Tours and Activities:
Mónica PonsEduardo Epifanio
Champagne with a Bianchi Surname
In one visit, we witnessed two winemaking conceptions: wine and champagne. Casa Bianchi Winery offered us that possibility.
We joined a group at the winery entrance and we were welcomed by a specialized guide. We entered in silence, as if asking for permission. Few workers appeared behind tanks and pipes of shining steel. Labor was constant but in a very quiet environment.
Huge stainless steel tanks were the first sample of mass production, measured in several millions of liters of wine being processed.
The harvest had been left behind and with it, the timed tasks to incorporate thousands of kilos of grapes that get to the wine press almost at the same time.
The wines were being bred. Everything around was calm so that the beverage would settle and keep the necessary features. Once the fermentation, cleaning and clarification stages were over, the roads towards each end product had begun to fork. One part would be turned into young wine and the other into age-worthy wine.

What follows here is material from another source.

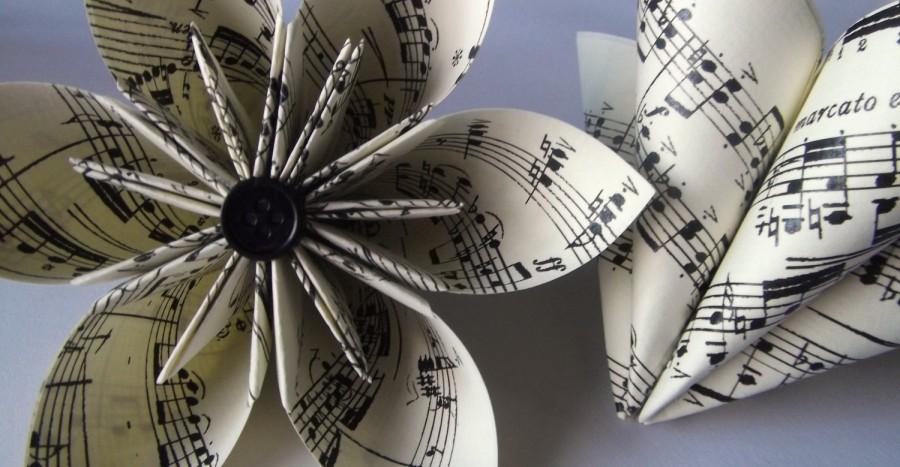 Handmade Origami Paper Wedding Flowers Music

The former would pass onto the central winery to be bottled and labeled. The latter would make contact with the French oak casks to mature inside the underground cellar. Three factors are essential in the basement: a steady temperature, constant humidity and dim light.
The wooden casks are used during two or three years; afterwards, they are discarded. While inside the casks, the enologists continue to control de wine, analyzing the sugar, acidity and chromatic features of the product, until the end of the process.
We learned that in the last few years it has become usual for some white wine to age in wood to manage more body, intense aromas and strong personality. Its pigments or flavonoids increase the yellowish hue.
Sparks to Toast
The longed-for moment to start learning how to make sparkling wine or champagne finally arrived. Bianchi is specialized only in extra brut and uses a French method called champenoise.
We paid attention to the details described by Guillermo and found out two varieties of grape are used in a certain proportion: white chardonay and red pinot noir. The harvest is carried out early and the winemaking process is the same as for white wine, that is to say, that the skin is removed so that the must is not tinged.
The base wine is passed into a thicker bottle that may bear the inner pressure in order to undergo a second fermentation. For such purpose, yeast and a small amount of sugar, called the liqueur de tirage, is added as well as selected grapes.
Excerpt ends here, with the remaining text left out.